[Given data]
★ ★ ★
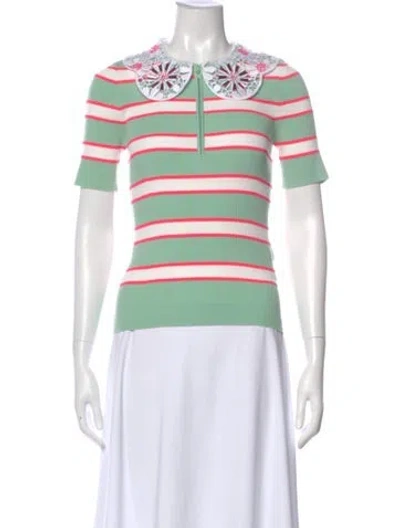 Pre-owned Essentiel Antwerp Striped Short Sleeve Top W/ Tags In Green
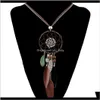 Idealway 4 Colors Bohemian Fashion Silver Plated Leather Double Chain Resin Feather Tassel Dreamcatcher Necklace Y0R36 Necklaces Vhyo9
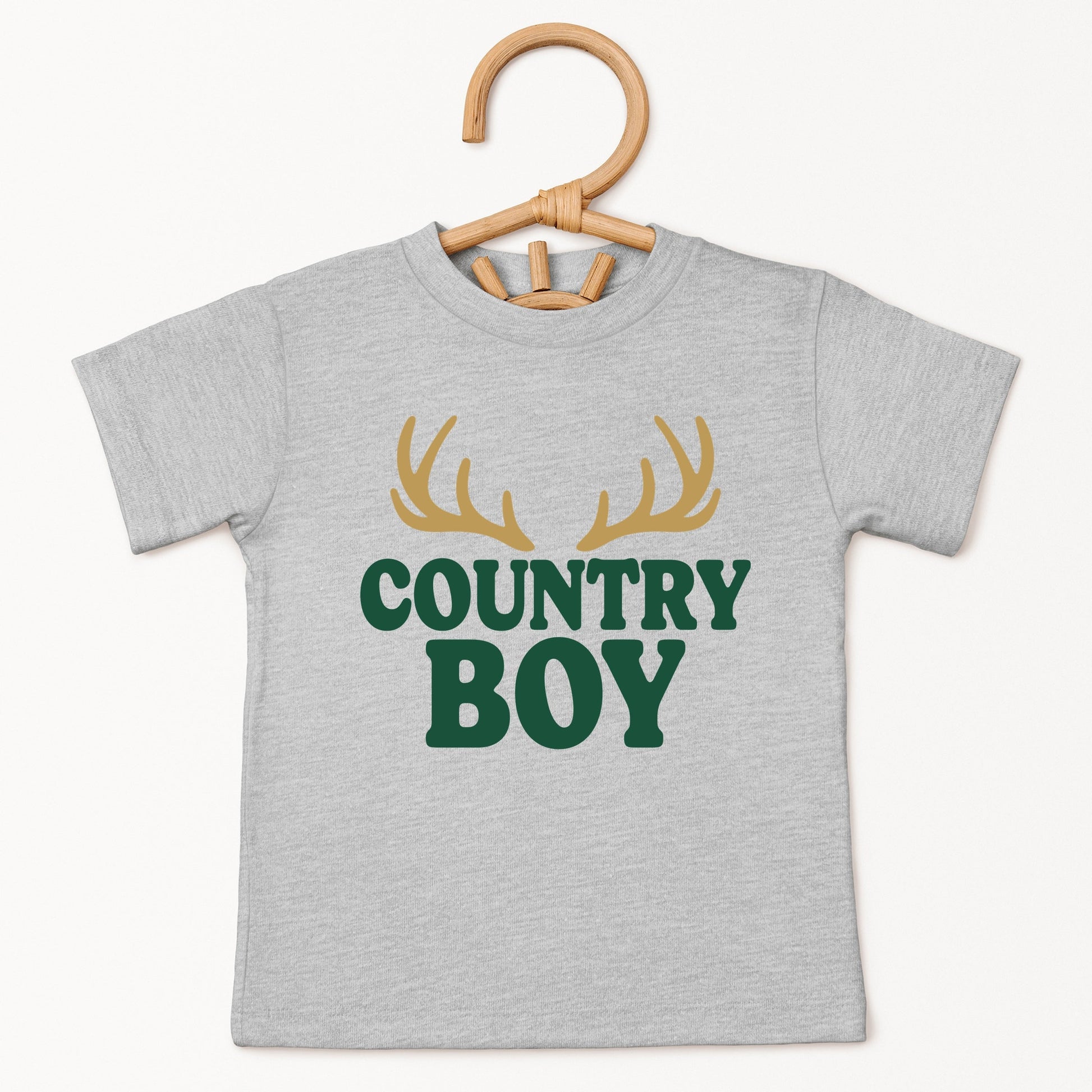 Country Boy Antlers Puff Print - Toddler Short Sleeve Graphic T-Shirt
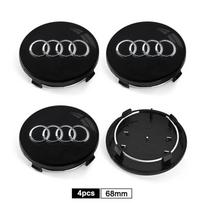 4 vnt. 60/61/68/69 mm automobilio ratlankio centrinis dangtelis, ratlankio apdaila, priedai Audi Quattro S7 S8 S3 A1 A3 A4 A5 A6 A7 A8 Q2 Q3 Q5 Q7 Q8 black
★ ★ ★
[Work item]
Copy the data word for word. Pictures do not go in the copy.

[Answer box]
 Pre-owned Essentiel Antwerp Striped Short Sleeve Top W/ Tags In Green
 Idealway 4 Colors Bohemian Fashion Silver Plated Leather Double Chain Resin Feather Tassel Dreamcatcher Necklace Y0R36 Necklaces Vhyo9
 Country Boy Antlers Puff Print - Toddler Short Sleeve Graphic T-Shirt
 4 vnt. 60/61/68/69 mm automobilio ratlankio centrinis dangtelis, ratlankio apdaila, priedai Audi Quattro S7 S8 S3 A1 A3 A4 A5 A6 A7 A8 Q2 Q3 Q5 Q7 Q8 black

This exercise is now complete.